"El fútbol nos hace creer más en la ilusión que en la realidad", dijo en alguna ocasión el escritor y periodista mexicano Juan Villoro. Ahora, a las puertas de una nueva cita mundialista, sus palabras cobran mayor sentido.
En estos días poco importan los índices de violencia, el desempleo, el aumento en el costo de la canasta básica, las catástrofes naturales y cualquier alteración social; lo verdaderamente trascendental para millones de salvadoreños es discutir sobre qué selección tiene las mayores oportundiades de ganar el mundial.
Y no se trata de avivar la simple idea que el fútbol sustituyó a la religión como el opio del pueblo. No. El fútbol es un aunténtico fenómeno social con la capacidad de seducir más de una vez en la vida a los que no se consideran fanáticos y de enloquecer más de una vez en la vida a quienes profesan su amor incondicional por la número 5 y a los once que corren detrás de ella.
Pero ¿de dónde procede ese poder de atracción? ¿por qué el fútbol tiene la capacidad de mover las fibras más sensibles del ser humano, hacerle olvidar las penas o sumirlo en la más cruel de las tristezas?
La respuesta es simple: El terreno de juego representa la vida, la portería contraria la máxima meta a alcanzar y los rivales los obstáculos a vencer. El fútbol es una especie de metáfora de lo que es la lucha diaria. Allí están los sueños de gloria, la posibilidad de ser alguien y dejar una huella imborrable en la historia.

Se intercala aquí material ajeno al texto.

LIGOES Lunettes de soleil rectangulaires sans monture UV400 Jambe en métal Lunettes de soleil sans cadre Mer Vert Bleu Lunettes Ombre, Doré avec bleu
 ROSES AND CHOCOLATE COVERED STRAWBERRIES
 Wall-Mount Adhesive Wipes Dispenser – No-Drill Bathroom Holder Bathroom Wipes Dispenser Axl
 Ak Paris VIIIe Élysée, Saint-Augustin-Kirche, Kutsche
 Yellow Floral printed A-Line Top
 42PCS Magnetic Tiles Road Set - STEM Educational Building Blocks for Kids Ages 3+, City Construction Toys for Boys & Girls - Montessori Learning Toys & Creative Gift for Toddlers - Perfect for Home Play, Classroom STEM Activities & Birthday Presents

Cuando gana el equipo de tu ciudad, crece tu orgullo por el territorio que representa, por los colores y por la gente. Ese sentimiento se eleva a la máxima potencia cuando se trata de una selección nacional.
El fútbol tiene la capacidad de unir a una nación y de fraternizar con extraños sin importar condiciones de ninguna natualeza. Lo que importa es el triunfo y nada más. Y como en la vida a veces cuesta tanto una victoria personal, una victoria colectiva es más que perfecto para cubrir ese vacío.
Si tu equipo gana, poco importa lo demás. Esto ha hecho que el fútbol haya sido utilizado por las dictaduras para ocultar sus regímenes totalitarios, por gobernantes con la idea de proclamar su superioridad ante el mundo a través de las selecciones nacionales o demostrar su poderío al menos en un ámbito. El ejemplo más claro y reciente es la rivalidad desatada entre Inglaterra y Argentina luego de la Guerra de las Malvinas.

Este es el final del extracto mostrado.